Aim of the task -> Exact copies of all the lines below are needed, without the pictures.

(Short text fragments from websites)
_____
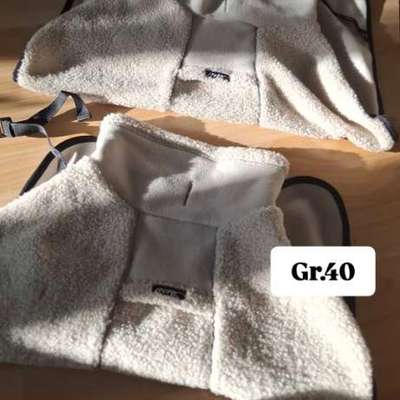 Verschiedene Hundesachen-Beitrag-Bild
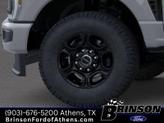 Thumbnail of 2025 Avalanche Ford F-250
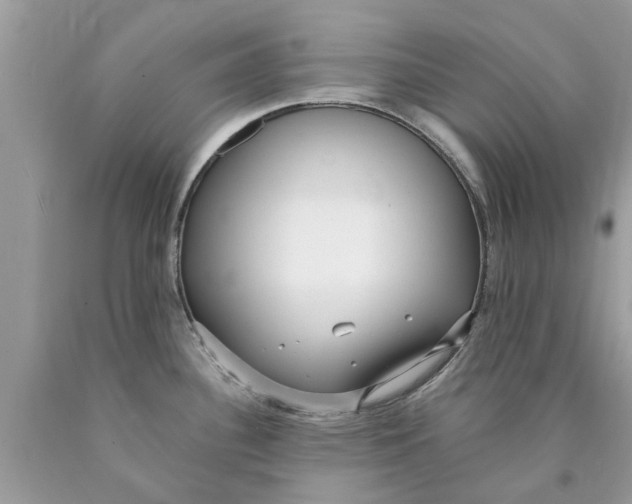 X0000089891340200707262222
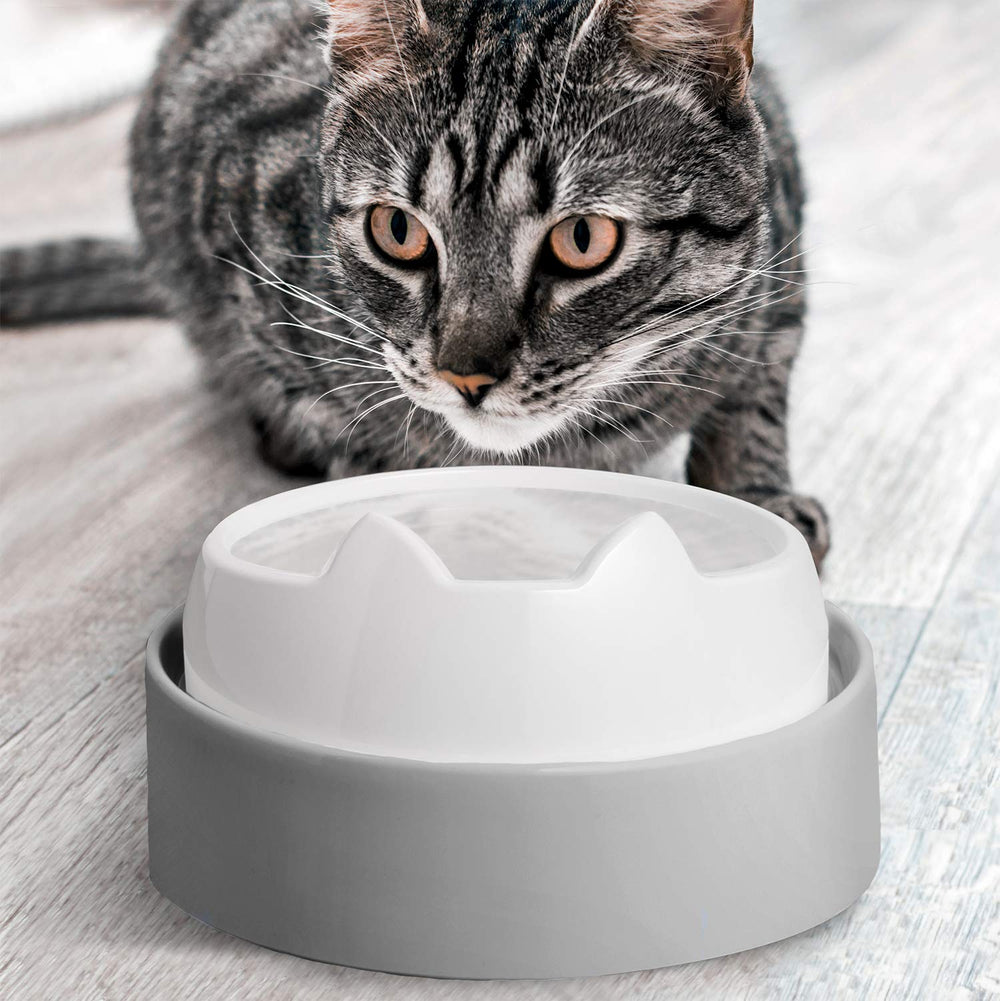CatGuru Mesa de Alimentación para Gatos acento gris en interiores.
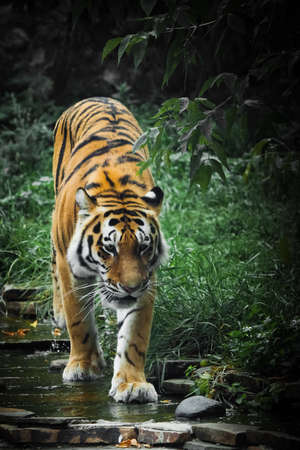 A beautiful tiger, a large predatory cat on the background of a stream and saturated emerald green forest (jungle), a powerful wild beast Amur tiger in summerの写真素材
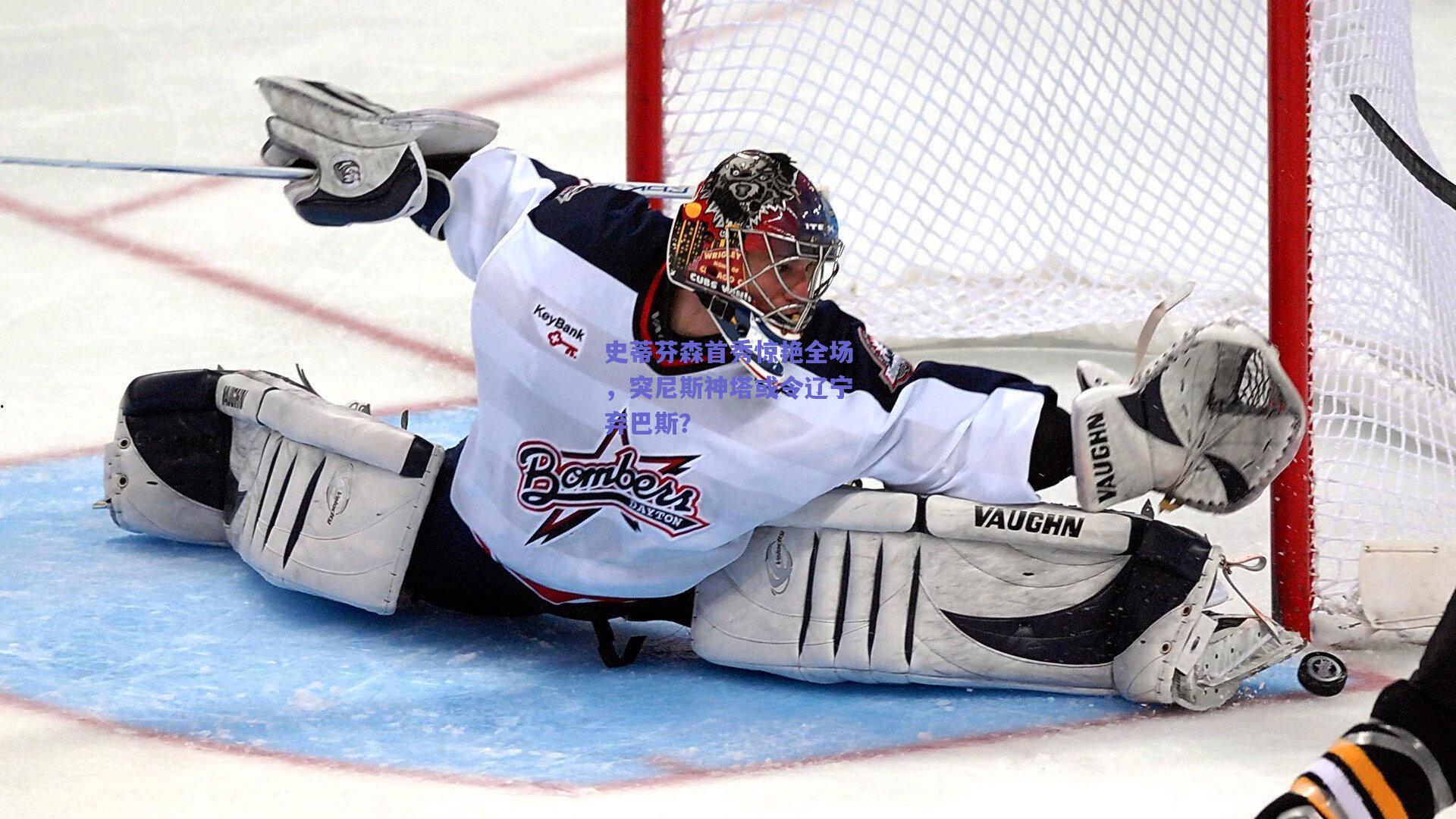 史蒂芬森首秀惊艳全场,突尼斯神塔或令辽宁弃巴斯?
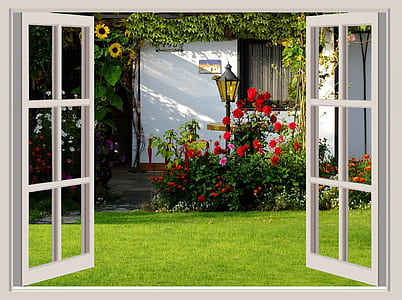 two white wooden framed and clear glass 6-lite pane windows thumbnail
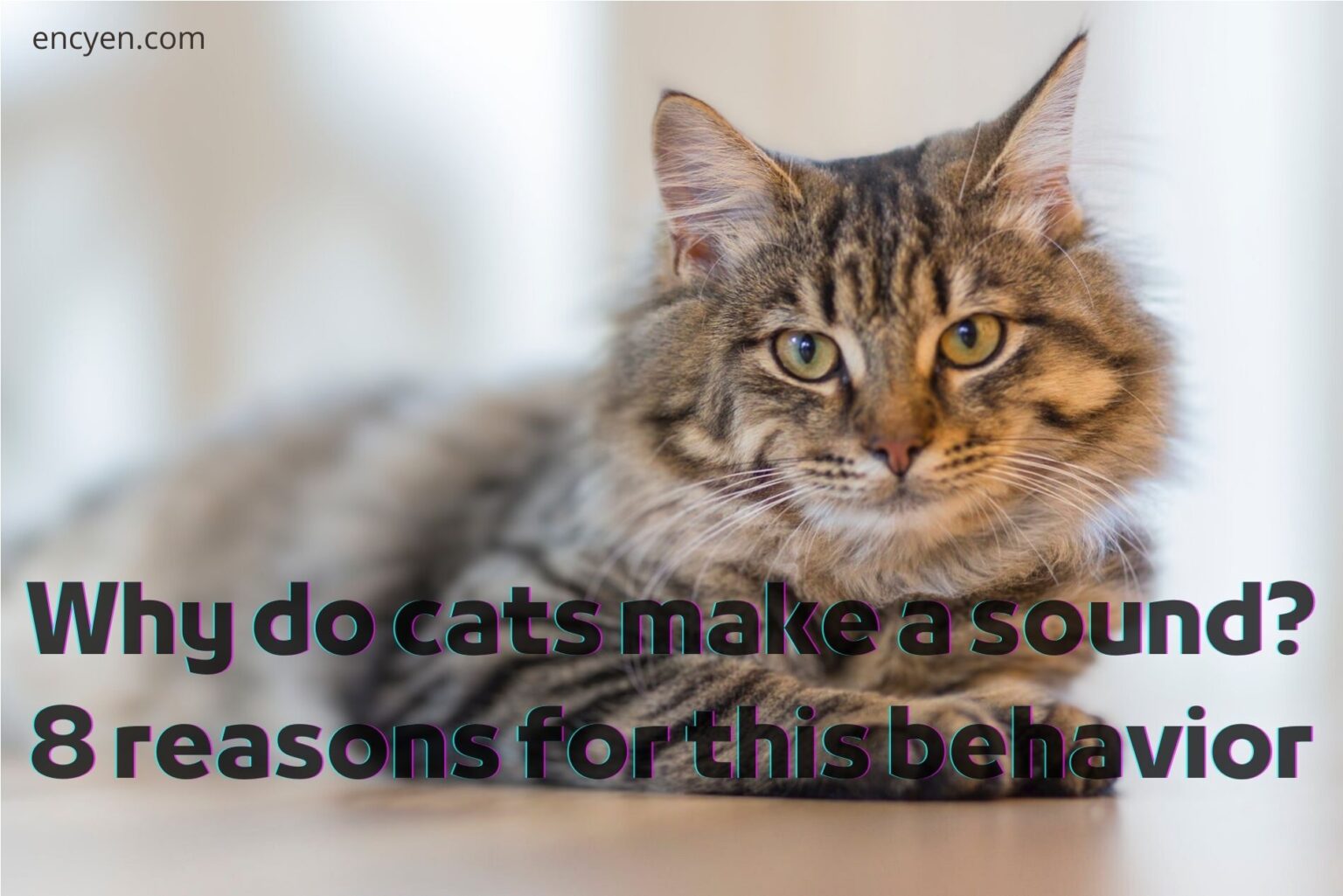 Reasons Cats Make Noise When They Want Attention preview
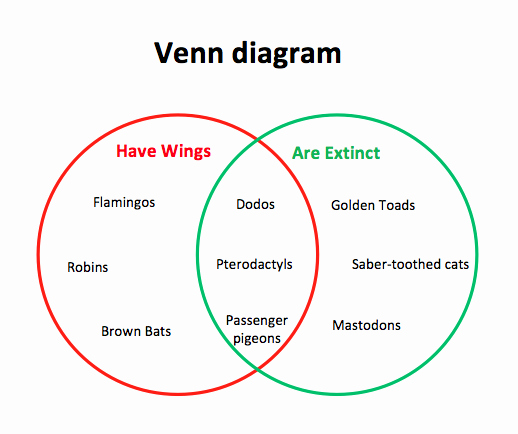 Venn Diagram Template Word Lovely Venn Diagram Template Microsoft Word Templates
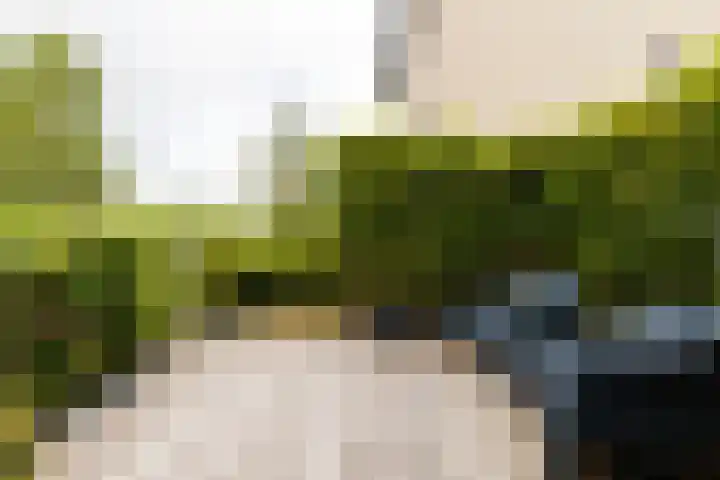 Kleine Hof 46 Vleuten thumbnail 29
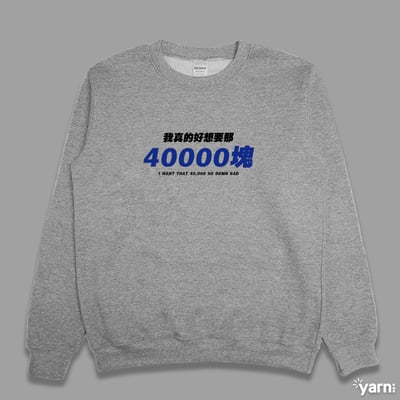 (大學T)我真的好想要那40000塊 yarn有夠寶4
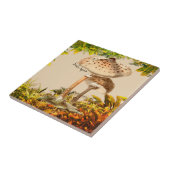 Pilzarten Schlange Agaric | Fliese (Seite)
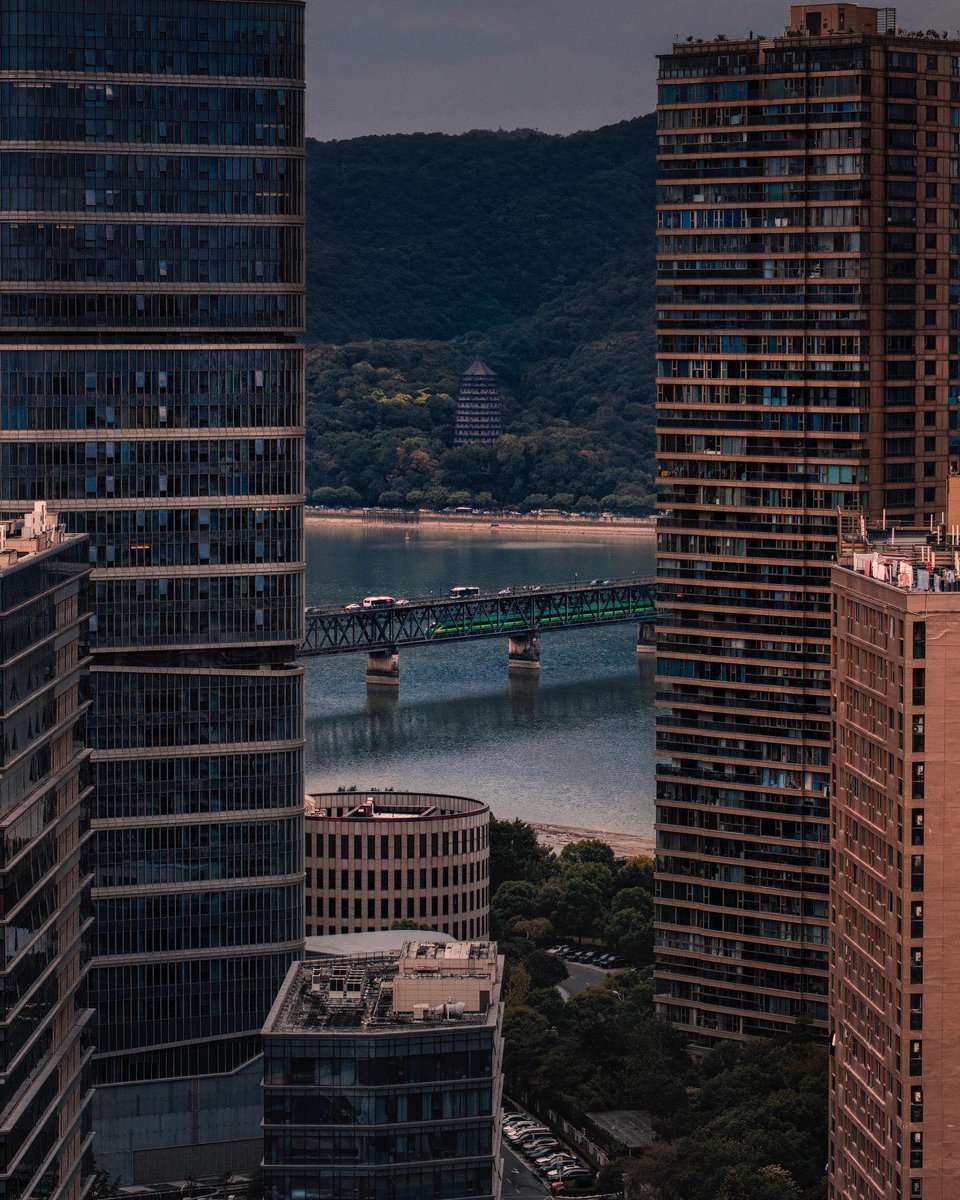 Hangzhou_CHINA's tweet photo. Views of Hangzhou that never get old… 
📸 @ding_hz777

#hangzhoulife #hangzhouportrait #hangzhou #thatshangzhou #livingpoetry #instahangzhou #bestvacations #hangzhou #beautifuldestinations #illgrammers #weekly_feature #bestcitybreaks #discoverearth
#theimaged #lensbible #raw_china #raw_cityscapes #HangzhouPhotography #TravelChina #HiddenGems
_____
Answer to this task ->
 Verschiedene Hundesachen-Beitrag-Bild
 Thumbnail of 2025 Avalanche Ford F-250
 X0000089891340200707262222
CatGuru Mesa de Alimentación para Gatos acento gris en interiores.
 A beautiful tiger, a large predatory cat on the background of a stream and saturated emerald green forest (jungle), a powerful wild beast Amur tiger in summerの写真素材
 史蒂芬森首秀惊艳全场,突尼斯神塔或令辽宁弃巴斯?
 two white wooden framed and clear glass 6-lite pane windows thumbnail
 Reasons Cats Make Noise When They Want Attention preview
 Venn Diagram Template Word Lovely Venn Diagram Template Microsoft Word Templates
 Kleine Hof 46 Vleuten thumbnail 29
 (大學T)我真的好想要那40000塊 yarn有夠寶4
 Pilzarten Schlange Agaric | Fliese (Seite)
 Hangzhou_CHINA's tweet photo. Views of Hangzhou that never get old… 
📸 @ding_hz777

#hangzhoulife #hangzhouportrait #hangzhou #thatshangzhou #livingpoetry #instahangzhou #bestvacations #hangzhou #beautifuldestinations #illgrammers #weekly_feature #bestcitybreaks #discoverearth
#theimaged #lensbible #raw_china #raw_cityscapes #HangzhouPhotography #TravelChina #HiddenGems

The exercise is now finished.